* Stored data
====================
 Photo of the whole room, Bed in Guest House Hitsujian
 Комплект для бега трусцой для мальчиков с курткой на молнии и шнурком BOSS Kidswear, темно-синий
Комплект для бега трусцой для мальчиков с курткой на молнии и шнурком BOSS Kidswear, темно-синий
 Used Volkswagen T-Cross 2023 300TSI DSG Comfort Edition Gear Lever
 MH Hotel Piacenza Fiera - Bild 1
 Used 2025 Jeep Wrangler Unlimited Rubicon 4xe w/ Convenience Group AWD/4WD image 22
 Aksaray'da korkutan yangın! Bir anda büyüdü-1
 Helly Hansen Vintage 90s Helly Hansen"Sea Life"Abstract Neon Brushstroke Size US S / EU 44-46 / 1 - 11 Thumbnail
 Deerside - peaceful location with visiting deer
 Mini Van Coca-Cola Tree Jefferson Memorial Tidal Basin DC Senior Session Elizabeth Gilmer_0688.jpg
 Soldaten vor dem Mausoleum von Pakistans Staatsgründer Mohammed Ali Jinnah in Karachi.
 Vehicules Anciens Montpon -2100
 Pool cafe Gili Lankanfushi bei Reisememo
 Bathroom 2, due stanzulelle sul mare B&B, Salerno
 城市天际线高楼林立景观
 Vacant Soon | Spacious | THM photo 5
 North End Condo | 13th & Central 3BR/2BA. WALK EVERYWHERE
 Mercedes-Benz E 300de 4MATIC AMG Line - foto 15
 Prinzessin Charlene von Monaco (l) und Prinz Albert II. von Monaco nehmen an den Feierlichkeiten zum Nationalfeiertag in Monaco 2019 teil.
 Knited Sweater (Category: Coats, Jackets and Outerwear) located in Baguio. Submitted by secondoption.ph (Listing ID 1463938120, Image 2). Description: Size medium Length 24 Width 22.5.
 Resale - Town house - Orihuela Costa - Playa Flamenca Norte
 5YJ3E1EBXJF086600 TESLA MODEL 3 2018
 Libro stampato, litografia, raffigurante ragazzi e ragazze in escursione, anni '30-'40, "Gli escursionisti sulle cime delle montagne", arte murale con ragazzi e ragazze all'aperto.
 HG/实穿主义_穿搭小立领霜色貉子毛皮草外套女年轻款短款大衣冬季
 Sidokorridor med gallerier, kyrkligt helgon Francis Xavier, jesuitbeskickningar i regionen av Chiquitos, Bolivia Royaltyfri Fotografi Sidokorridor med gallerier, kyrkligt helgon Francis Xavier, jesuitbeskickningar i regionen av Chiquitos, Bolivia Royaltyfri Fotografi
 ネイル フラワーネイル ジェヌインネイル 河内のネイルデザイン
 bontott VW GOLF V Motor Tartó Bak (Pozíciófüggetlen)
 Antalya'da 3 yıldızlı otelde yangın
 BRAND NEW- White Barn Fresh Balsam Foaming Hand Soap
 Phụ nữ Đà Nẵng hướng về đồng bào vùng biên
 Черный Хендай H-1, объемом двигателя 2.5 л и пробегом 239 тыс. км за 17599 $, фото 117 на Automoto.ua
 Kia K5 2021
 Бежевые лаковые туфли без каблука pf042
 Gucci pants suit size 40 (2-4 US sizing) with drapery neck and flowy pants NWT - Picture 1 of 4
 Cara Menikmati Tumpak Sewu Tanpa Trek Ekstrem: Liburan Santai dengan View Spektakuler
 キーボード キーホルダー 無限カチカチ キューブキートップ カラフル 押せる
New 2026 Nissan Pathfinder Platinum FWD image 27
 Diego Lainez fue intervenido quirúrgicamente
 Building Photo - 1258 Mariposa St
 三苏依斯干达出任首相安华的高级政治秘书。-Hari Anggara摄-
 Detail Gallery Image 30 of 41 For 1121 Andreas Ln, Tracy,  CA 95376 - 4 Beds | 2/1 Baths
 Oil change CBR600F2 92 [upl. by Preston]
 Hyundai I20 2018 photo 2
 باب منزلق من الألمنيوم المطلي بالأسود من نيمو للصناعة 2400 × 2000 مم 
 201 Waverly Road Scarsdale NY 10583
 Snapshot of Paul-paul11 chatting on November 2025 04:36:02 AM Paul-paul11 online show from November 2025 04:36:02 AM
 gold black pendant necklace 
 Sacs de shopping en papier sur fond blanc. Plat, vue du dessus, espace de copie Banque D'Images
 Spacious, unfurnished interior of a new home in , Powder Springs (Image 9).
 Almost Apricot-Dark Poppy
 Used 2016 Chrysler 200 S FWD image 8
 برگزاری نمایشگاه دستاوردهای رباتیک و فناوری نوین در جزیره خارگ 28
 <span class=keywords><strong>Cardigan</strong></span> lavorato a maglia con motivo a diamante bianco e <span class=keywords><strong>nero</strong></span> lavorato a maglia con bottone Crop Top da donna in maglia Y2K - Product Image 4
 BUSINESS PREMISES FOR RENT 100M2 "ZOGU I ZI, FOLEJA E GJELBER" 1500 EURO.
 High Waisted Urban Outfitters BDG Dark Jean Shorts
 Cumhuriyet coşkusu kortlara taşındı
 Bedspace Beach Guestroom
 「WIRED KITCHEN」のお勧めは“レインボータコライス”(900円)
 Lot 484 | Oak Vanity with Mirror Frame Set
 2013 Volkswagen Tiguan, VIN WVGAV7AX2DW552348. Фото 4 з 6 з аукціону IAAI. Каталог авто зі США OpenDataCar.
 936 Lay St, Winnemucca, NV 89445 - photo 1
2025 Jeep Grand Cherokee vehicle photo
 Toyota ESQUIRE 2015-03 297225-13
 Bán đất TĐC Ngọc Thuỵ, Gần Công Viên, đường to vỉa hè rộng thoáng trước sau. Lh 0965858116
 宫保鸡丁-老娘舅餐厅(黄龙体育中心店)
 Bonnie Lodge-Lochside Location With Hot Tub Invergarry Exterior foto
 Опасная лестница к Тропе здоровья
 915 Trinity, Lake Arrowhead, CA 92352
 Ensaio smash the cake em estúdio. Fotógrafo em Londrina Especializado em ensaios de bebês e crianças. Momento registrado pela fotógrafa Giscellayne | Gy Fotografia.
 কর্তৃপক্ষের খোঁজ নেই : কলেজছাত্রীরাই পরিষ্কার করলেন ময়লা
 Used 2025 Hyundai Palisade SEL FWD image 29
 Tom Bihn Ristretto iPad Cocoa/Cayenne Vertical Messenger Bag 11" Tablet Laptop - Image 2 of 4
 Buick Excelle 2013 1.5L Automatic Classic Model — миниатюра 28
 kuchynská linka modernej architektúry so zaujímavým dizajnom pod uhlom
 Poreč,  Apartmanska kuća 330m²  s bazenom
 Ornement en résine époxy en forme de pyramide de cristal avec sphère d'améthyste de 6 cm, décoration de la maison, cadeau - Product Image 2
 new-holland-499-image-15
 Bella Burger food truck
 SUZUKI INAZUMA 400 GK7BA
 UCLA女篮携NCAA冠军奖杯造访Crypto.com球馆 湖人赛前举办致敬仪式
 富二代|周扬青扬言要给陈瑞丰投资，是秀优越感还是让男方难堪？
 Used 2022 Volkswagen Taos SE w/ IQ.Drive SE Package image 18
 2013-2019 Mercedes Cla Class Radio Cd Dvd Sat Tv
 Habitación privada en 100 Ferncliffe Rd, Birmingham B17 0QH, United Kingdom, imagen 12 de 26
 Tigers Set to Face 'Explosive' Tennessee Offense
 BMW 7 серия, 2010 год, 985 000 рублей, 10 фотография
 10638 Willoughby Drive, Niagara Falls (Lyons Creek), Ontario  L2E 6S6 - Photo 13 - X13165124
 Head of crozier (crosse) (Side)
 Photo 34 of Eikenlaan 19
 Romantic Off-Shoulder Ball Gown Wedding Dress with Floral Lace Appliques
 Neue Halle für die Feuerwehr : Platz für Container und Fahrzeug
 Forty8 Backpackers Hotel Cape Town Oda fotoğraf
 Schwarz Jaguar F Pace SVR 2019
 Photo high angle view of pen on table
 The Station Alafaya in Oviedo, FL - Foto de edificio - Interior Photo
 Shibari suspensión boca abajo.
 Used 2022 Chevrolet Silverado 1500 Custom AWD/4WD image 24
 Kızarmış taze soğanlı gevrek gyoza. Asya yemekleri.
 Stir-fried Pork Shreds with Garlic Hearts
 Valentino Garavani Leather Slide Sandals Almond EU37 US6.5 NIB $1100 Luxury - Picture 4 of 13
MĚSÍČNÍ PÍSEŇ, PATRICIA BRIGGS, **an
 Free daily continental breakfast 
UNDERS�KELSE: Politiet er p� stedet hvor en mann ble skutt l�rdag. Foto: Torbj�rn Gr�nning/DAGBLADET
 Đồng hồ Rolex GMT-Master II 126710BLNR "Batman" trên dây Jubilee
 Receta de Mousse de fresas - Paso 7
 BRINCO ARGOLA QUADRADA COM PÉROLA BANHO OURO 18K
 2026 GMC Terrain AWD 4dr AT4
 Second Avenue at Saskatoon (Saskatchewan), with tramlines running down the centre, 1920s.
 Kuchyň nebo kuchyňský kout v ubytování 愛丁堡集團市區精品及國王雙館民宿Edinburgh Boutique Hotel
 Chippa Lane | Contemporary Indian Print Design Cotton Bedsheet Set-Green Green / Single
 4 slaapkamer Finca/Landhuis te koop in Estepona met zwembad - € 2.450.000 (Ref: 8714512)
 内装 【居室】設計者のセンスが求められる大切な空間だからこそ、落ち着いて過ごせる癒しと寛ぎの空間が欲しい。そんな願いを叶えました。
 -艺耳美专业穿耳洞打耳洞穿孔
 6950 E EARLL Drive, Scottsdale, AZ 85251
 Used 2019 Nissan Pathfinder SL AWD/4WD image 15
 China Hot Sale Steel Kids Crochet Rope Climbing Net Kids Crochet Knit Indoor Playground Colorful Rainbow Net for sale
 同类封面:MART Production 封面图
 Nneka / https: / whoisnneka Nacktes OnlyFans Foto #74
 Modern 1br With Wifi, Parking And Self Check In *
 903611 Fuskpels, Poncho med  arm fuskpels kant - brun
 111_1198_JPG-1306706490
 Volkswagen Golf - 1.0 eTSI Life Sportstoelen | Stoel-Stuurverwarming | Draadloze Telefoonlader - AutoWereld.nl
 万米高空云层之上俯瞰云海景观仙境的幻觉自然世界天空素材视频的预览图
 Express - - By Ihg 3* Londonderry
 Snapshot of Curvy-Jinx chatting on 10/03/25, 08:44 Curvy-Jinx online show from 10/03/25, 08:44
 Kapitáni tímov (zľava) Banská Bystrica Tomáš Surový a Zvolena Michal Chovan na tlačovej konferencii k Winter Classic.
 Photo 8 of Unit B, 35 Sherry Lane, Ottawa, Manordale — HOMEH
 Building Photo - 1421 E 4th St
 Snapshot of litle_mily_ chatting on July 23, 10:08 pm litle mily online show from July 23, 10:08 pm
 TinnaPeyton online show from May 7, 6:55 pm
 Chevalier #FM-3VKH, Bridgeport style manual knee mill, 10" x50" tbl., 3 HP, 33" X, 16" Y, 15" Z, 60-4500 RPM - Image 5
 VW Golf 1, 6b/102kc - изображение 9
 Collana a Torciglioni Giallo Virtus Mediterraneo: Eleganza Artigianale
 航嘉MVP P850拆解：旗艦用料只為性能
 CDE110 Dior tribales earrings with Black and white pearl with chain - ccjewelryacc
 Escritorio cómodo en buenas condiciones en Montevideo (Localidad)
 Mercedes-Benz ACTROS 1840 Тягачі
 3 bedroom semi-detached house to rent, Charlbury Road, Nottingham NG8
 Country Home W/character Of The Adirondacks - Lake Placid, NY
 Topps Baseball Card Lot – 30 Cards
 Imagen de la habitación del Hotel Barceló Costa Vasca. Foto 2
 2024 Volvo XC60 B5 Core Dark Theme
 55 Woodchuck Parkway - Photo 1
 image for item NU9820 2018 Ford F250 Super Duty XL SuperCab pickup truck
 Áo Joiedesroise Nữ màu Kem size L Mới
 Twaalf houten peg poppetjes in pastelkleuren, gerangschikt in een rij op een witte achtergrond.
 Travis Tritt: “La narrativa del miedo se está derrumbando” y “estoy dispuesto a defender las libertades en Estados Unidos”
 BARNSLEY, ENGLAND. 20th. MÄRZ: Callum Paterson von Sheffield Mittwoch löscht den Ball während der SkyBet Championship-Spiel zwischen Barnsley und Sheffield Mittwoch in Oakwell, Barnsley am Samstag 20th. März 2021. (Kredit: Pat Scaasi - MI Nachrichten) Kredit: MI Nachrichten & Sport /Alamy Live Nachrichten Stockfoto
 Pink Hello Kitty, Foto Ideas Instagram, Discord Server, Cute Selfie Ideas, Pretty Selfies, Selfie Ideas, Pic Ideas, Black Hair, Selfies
====================
* Task directions
Using the data above, restate word for word the lines from its opening line through the line that contains "Prinzessin Charlene von", and no more.

* Exercise output
 Photo of the whole room, Bed in Guest House Hitsujian
 Комплект для бега трусцой для мальчиков с курткой на молнии и шнурком BOSS Kidswear, темно-синий
Комплект для бега трусцой для мальчиков с курткой на молнии и шнурком BOSS Kidswear, темно-синий
 Used Volkswagen T-Cross 2023 300TSI DSG Comfort Edition Gear Lever
 MH Hotel Piacenza Fiera - Bild 1
 Used 2025 Jeep Wrangler Unlimited Rubicon 4xe w/ Convenience Group AWD/4WD image 22
 Aksaray'da korkutan yangın! Bir anda büyüdü-1
 Helly Hansen Vintage 90s Helly Hansen"Sea Life"Abstract Neon Brushstroke Size US S / EU 44-46 / 1 - 11 Thumbnail
 Deerside - peaceful location with visiting deer
 Mini Van Coca-Cola Tree Jefferson Memorial Tidal Basin DC Senior Session Elizabeth Gilmer_0688.jpg
 Soldaten vor dem Mausoleum von Pakistans Staatsgründer Mohammed Ali Jinnah in Karachi.
 Vehicules Anciens Montpon -2100
 Pool cafe Gili Lankanfushi bei Reisememo
 Bathroom 2, due stanzulelle sul mare B&B, Salerno
 城市天际线高楼林立景观
 Vacant Soon | Spacious | THM photo 5
 North End Condo | 13th & Central 3BR/2BA. WALK EVERYWHERE
 Mercedes-Benz E 300de 4MATIC AMG Line - foto 15
 Prinzessin Charlene von Monaco (l) und Prinz Albert II. von Monaco nehmen an den Feierlichkeiten zum Nationalfeiertag in Monaco 2019 teil.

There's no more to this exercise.